櫻春風花ーかざはなー
彼等がこんな雑談をしているのを知ってか知らでか、中庭には、土方の怒鳴り声と瑠璃の返事が聞こえてくる。




「おぉコワ…」




鬼の副長と称されるだけあって、稽古も容赦はない模様。





「でも土方さん、なんだかんだいって瑠璃ちゃんのことが大事なんですよ。」



「ここに残ること最後まで反対だったのになー」



団子を頬張りながら練習風景を見つめる沖田と藤堂。


「ま、だから副長は責任感じてんだろーけどな。
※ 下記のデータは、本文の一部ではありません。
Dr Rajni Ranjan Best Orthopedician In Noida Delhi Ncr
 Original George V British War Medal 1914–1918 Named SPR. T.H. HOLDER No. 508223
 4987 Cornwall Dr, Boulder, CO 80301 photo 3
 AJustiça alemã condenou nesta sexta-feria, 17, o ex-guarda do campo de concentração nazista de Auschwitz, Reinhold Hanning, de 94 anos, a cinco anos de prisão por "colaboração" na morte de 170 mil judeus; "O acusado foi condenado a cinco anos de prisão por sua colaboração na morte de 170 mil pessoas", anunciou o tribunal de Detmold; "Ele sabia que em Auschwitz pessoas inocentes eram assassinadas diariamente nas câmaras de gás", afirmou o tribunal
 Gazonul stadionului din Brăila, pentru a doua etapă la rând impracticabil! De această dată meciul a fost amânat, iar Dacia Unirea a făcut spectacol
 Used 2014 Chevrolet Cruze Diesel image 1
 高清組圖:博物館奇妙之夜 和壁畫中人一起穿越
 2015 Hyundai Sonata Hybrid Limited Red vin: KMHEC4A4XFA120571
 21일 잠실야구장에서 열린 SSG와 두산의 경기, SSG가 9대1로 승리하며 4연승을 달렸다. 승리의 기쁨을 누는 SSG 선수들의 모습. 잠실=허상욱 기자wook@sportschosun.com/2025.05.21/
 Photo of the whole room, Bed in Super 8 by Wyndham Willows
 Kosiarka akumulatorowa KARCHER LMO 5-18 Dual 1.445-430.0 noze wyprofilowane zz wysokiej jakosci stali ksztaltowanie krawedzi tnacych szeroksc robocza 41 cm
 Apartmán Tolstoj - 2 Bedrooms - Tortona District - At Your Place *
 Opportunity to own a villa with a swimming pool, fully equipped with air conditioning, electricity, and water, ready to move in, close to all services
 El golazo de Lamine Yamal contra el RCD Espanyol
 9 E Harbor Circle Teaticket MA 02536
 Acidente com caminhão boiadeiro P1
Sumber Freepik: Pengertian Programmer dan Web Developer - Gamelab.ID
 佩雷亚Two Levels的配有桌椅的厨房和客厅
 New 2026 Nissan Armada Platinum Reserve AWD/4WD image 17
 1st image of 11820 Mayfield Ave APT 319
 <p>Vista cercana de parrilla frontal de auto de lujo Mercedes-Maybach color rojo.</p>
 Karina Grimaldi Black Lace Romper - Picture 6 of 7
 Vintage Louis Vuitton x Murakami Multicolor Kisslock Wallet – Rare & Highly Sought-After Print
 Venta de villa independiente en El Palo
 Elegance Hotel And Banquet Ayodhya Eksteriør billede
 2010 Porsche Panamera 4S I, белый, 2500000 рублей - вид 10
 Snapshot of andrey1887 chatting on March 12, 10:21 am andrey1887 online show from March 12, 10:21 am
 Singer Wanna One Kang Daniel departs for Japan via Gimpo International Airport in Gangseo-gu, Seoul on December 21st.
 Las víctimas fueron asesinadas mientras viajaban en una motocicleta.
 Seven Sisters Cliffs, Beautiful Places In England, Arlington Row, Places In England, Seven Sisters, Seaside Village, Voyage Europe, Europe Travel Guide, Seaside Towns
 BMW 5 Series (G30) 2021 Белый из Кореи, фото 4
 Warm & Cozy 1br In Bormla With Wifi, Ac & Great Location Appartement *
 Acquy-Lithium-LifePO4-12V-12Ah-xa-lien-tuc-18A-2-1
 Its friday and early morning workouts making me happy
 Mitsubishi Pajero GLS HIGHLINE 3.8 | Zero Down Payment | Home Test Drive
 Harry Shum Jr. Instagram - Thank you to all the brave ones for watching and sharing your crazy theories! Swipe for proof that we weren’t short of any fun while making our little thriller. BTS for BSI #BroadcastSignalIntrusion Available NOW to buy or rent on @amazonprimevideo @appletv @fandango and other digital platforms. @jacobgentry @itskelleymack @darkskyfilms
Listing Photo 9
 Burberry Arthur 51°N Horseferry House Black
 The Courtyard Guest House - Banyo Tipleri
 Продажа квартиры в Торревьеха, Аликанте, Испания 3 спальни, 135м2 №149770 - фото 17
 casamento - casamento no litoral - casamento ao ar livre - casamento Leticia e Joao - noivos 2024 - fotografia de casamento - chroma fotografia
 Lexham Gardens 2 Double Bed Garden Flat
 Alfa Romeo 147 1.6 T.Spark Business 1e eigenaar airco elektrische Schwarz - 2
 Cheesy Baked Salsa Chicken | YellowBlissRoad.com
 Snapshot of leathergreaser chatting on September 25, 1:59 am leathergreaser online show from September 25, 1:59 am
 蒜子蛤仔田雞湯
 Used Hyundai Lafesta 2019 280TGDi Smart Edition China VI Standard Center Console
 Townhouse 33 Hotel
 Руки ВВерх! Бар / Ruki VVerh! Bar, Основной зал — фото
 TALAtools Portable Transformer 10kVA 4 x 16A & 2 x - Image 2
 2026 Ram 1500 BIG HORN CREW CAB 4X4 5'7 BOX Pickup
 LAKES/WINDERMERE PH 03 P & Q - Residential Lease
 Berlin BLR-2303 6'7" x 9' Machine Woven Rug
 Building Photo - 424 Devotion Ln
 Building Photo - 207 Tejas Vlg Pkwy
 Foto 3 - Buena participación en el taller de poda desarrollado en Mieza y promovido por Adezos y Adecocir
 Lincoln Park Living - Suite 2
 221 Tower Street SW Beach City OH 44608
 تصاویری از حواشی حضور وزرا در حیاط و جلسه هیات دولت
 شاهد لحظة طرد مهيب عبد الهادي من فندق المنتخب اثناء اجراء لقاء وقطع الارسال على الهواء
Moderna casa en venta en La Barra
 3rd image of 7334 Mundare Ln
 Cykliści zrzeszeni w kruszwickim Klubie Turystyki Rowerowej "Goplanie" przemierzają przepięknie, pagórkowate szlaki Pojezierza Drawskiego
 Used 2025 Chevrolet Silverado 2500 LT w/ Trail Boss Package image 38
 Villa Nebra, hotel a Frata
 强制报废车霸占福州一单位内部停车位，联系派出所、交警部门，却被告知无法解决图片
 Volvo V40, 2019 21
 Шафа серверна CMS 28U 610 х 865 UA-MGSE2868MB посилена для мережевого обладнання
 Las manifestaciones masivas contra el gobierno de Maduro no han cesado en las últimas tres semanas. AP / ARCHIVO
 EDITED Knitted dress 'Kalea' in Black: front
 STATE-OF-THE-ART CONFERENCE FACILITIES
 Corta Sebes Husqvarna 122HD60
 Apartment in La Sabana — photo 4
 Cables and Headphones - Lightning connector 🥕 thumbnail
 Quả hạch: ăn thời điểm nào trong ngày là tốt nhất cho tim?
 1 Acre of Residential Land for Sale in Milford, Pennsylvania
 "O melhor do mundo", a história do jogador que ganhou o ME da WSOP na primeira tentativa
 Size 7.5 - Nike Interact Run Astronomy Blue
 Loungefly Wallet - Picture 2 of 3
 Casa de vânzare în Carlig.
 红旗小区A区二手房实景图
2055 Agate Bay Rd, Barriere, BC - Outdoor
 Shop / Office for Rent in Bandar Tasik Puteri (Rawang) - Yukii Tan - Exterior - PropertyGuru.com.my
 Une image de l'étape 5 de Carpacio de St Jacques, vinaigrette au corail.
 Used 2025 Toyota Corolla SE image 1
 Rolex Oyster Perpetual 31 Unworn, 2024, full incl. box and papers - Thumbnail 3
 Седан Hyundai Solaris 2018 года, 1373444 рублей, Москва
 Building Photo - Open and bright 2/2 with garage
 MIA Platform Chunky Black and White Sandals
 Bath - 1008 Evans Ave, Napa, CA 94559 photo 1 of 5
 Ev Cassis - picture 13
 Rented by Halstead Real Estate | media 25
」



後ろから声をかけたのは永倉。その手には最後の団子が一本。



「あんまり無茶させないでほしいのがホントのとこ…

あー!最後の一本!
とっておいたのにー!!」


甘党の沖田は、永倉の手にある団子を見つけるやいなや、怒りだした。

そんな沖田に呆れる永倉は、盛大な溜息をついた。



「目ざといやつ。
別にいいだろーが、お前食ったんだし!」



「よくないです!」



「あーもー…
うっさい!」




「あーあ、また始まったよ…」





自分達が大声で言い合うのをよそに、藤堂が一人お茶を啜っていたのに気がつくのはもう少し後の話。